Do You Know The Answer ? Where Do Turtles Live

Though the question, “Where do turtles live?” may seem simple, the answer is quite broad. Turtles live just about everywhere. Depending upon their species, turtles can be found living in a number of habitats.

Where You will Find Sea Turtles – As the name implies, you will find sea turtles living in most of the oceans of the world. The only place you won’t find them is Antarctica. Most sea turtles enjoy the warm, balmy waters of the tropics, but the leatherback sea turtle will roam in colder waters in search of food. All of the sea turtles head for land when it is time to lay their eggs. They will dig a hole in the sand where they deposit their eggs and immediately after covering them up, head back out to sea.

Not much is known about sea turtle habits, but researchers are learning more everyday about these wild creatures that are in so much danger of extinction.

Aquatic Turtle Habitat – Aquatic and semi-aquatic turtles can be found in a wide variety of habitats. Some live in ponds, streams, marshes or swamps. They eat a variety of foods such as fish, plants, mollusks and insects. Some turtles, like the mud turtles, like to burrow in the mud at the bottom of the water source. They can be found in all manner of clean, clear water. They are happiest in a habitat that is chockfull of vegetation and small vertebrates for them to feast upon. You will often see an aquatic turtle at a local lake or pond basking contentedly in the sun on a comfortable rock.
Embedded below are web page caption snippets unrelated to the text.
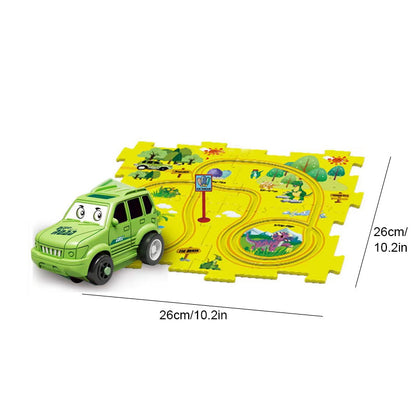 KUBOZN® Brain-Teasing Puzzle Track Car Set – Ignite Creativity & Problem-Solving Fun (offer)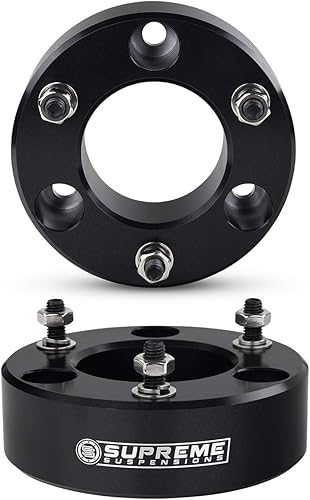 Miniatura 7 de Kit de elevación completa para Chevrolet Silverado & GMC Sierra 1500 2007-2020, separadores de puntales de elevación delantera, bloques cónicos de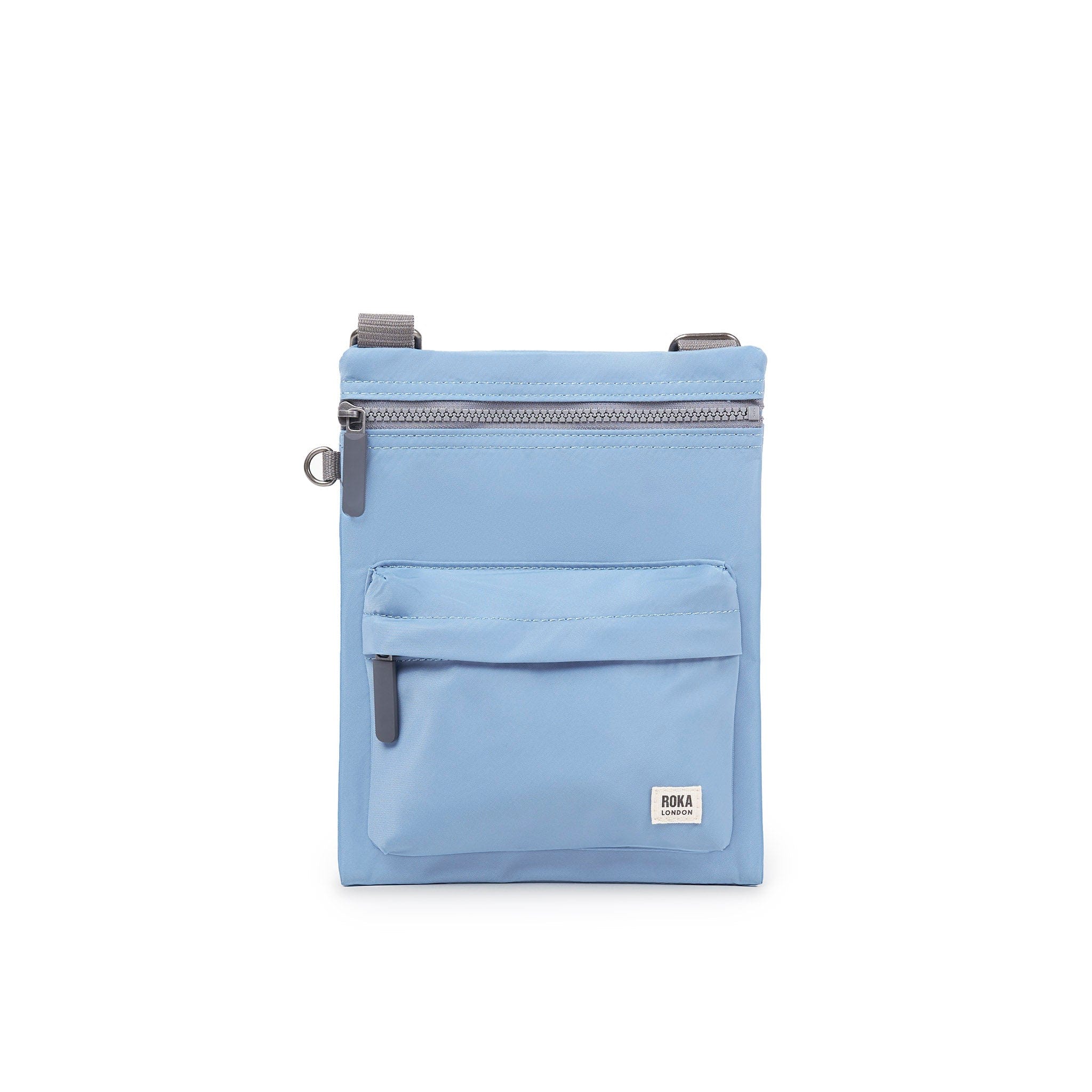 Roka Chelsea Recycled Nylon Crossbody Pocket Medium Retro Blue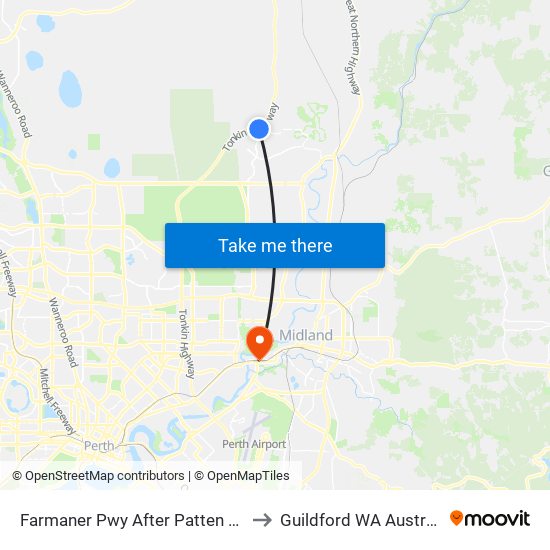 Farmaner Pwy After Patten Way to Guildford WA Australia map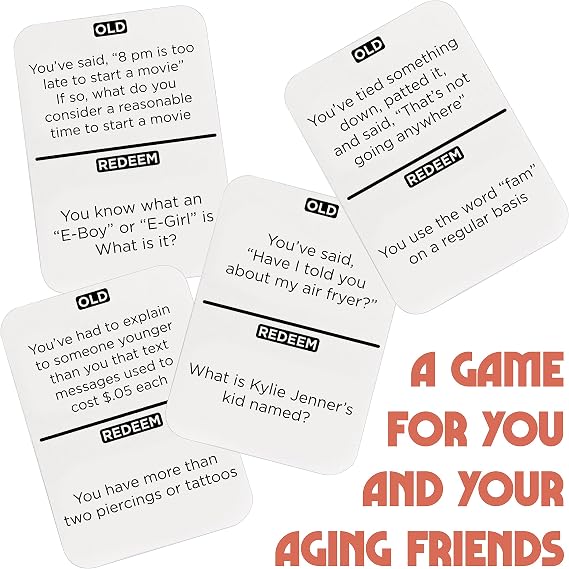 Vango Youre Getting Old A Party Card Game for Aging Millennials - 2 to 6 Players, Ages 14+
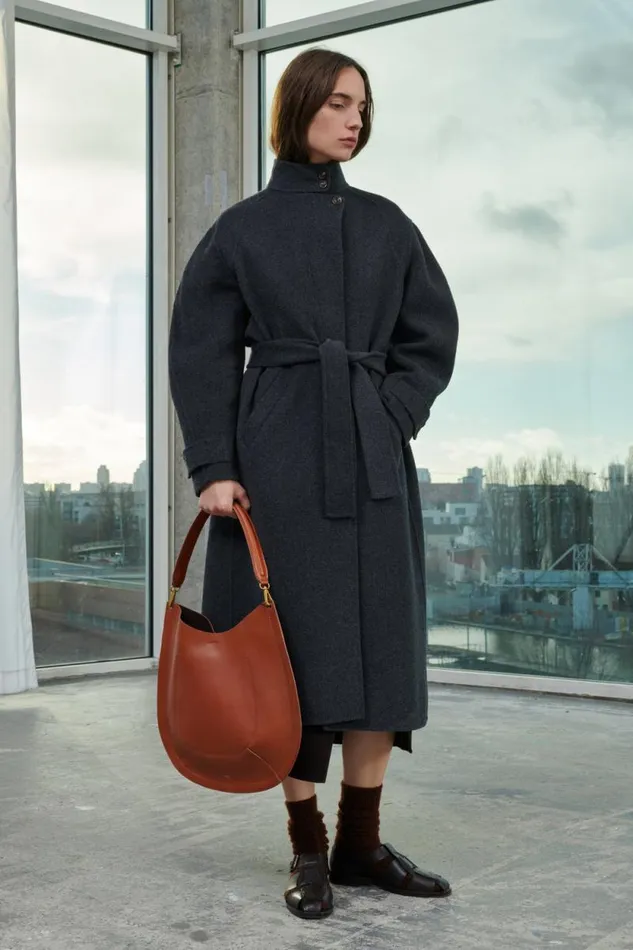 Jackets and Coats Women Soeur VANCOUVER COAT Dark Mottled Grey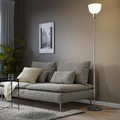 HEKTOGRAM Floor uplighter, silver-colour, white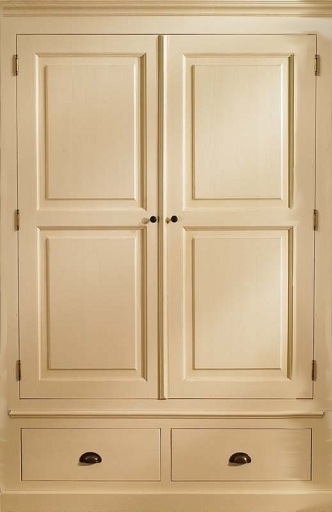 Painted Pine Double Wardrobe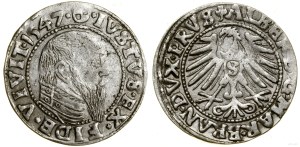 Ducal Prussia (1525-1657), penny, 1547, Königsberg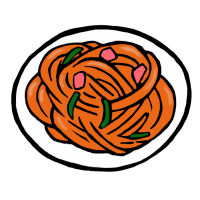 ナポリタン（手書きイラスト）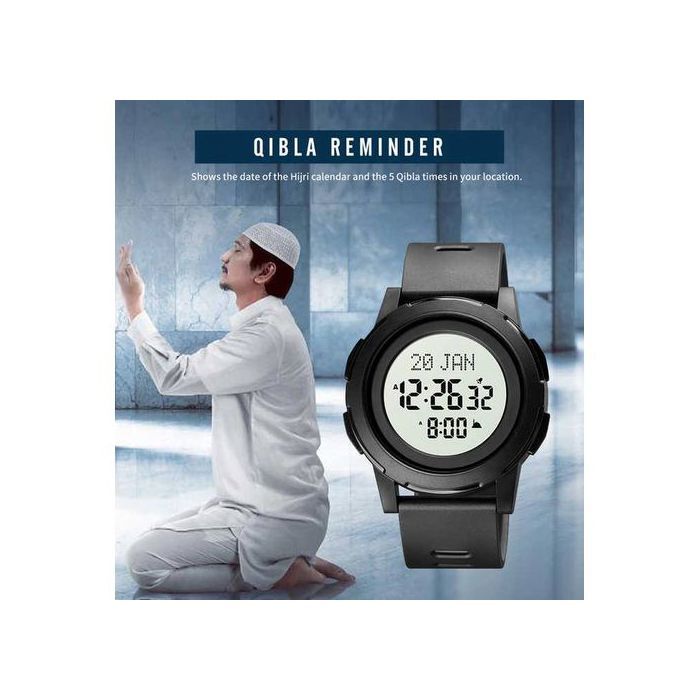 Montre - SKMEI - Qibla - Numérique - Étanche 5 Bars - Chronographe et Compte à Rebours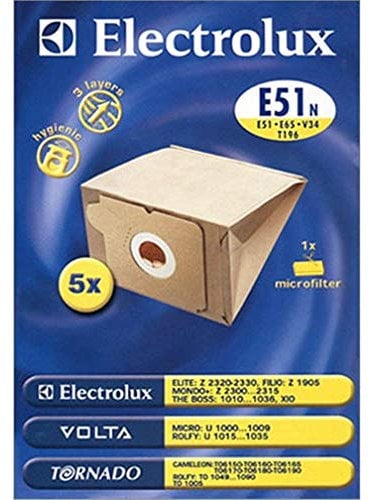 Electrolux LX5807 (E51n) 5 Dustbags & 1 Micro Filter (to cut)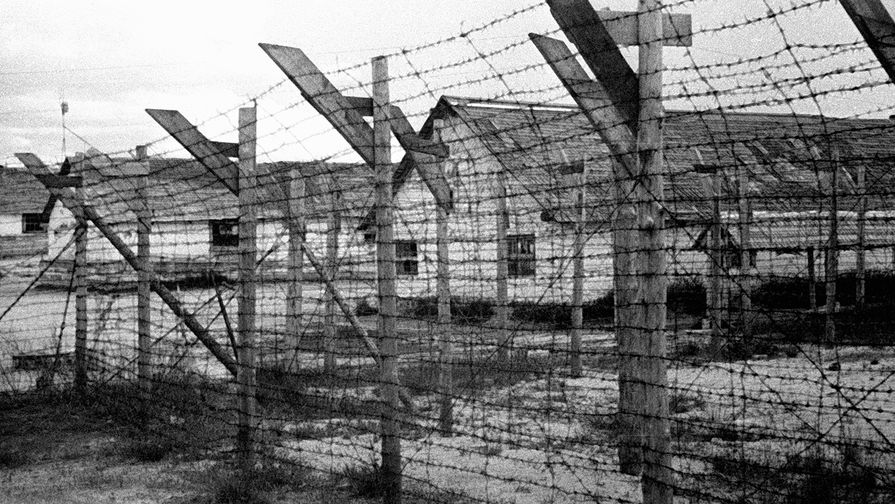 Финский концентрационный лагерь в Медвежьегорске, 1944 год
If you intend to purchase an aquatic or semi-aquatic turtle as a pet, you need to do plenty of research so that you may recreate a habitat that will keep your turtle healthy and happy

Land Turtle Habitat – Land turtles can be found in a variety of habitats. Some prefer desert conditions, while others prefer cool mountainous regions. Others will live in pastures and woodlands while others prefer hot and humid habitats. Many land turtles can boast excellent climbing skills and almost all of them love to bask in the sun. Turtles that prefer solid ground to water habitats can be found wherever their food supply takes them.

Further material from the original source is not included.